Your objective: Please make an exact copy of the listing, without the pictures.

Information:
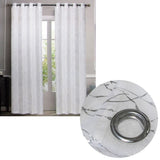 Pair of Sheer Eyelet Curtains White with Silver Foils 137 x 213 cm V442-BZO-CURTAIN-PAIRSHEERFOIL-WHITESILVER-RE
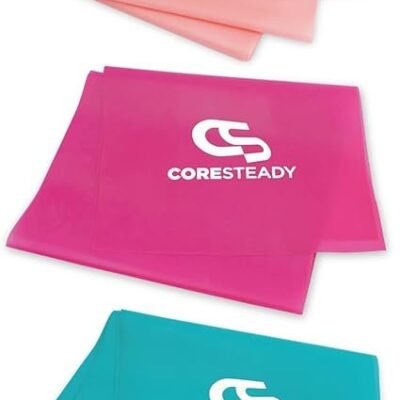 Coresteady Resistance Band For Men & Women - Exercise Band to Build Strength, Flexibility, Muscle & Tone - For Fitness, Stretching, Pilates, Physio & Yoga - With Exercise Guide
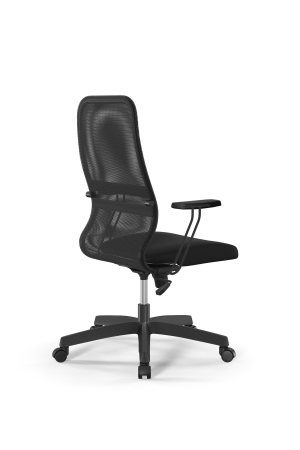 Кресло для руководителя Метта Sit 8 B2-8T - X1+UMF(X1) /Uh00/Wh00/T1bp-b(M09.B02.G15.W01) (Темно-серый | Черный)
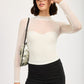 CONTRASTED SHEER RUCHED TOP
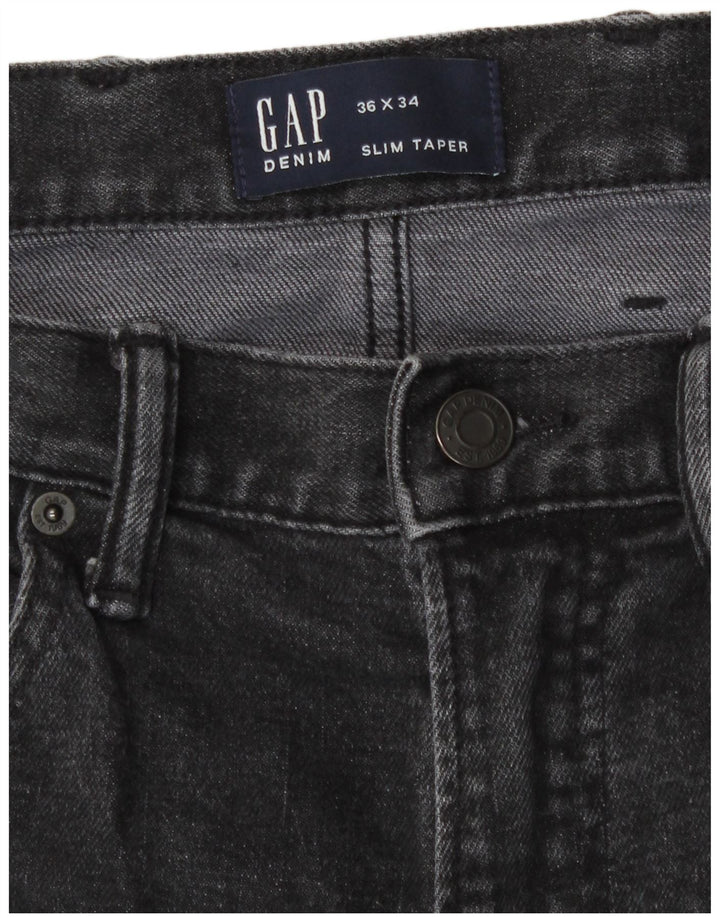 Gap Mens Slim Tapered Jeans W36 L34 Cinza Algodão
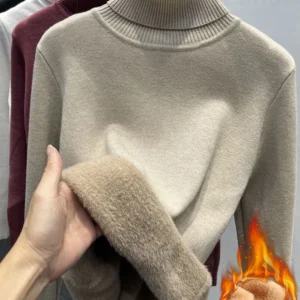 Thicken Velvet Turtleneck Sweater Women Korean Fashion Lined Warm Sueter Knitted Pullover Slim Top Winter Jersey Knitwear Jumper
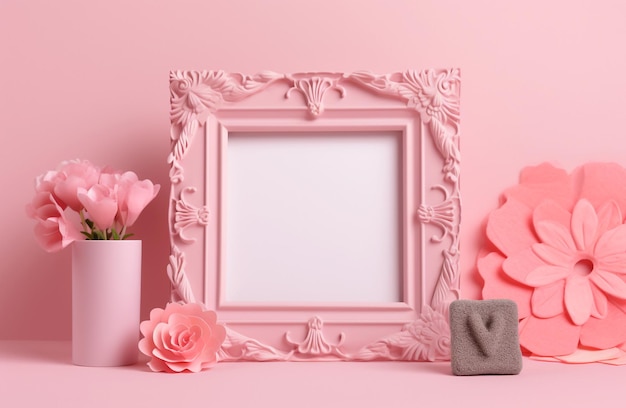 Pink empty frame with decoration and flowers Generative ai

Output below:
 Pair of Sheer Eyelet Curtains White with Silver Foils 137 x 213 cm V442-BZO-CURTAIN-PAIRSHEERFOIL-WHITESILVER-RE
 Coresteady Resistance Band For Men & Women - Exercise Band to Build Strength, Flexibility, Muscle & Tone - For Fitness, Stretching, Pilates, Physio & Yoga - With Exercise Guide
 Кресло для руководителя Метта Sit 8 B2-8T - X1+UMF(X1) /Uh00/Wh00/T1bp-b(M09.B02.G15.W01) (Темно-серый | Черный)
 CONTRASTED SHEER RUCHED TOP
 Gap Mens Slim Tapered Jeans W36 L34 Cinza Algodão
 Thicken Velvet Turtleneck Sweater Women Korean Fashion Lined Warm Sueter Knitted Pullover Slim Top Winter Jersey Knitwear Jumper
 Pink empty frame with decoration and flowers Generative ai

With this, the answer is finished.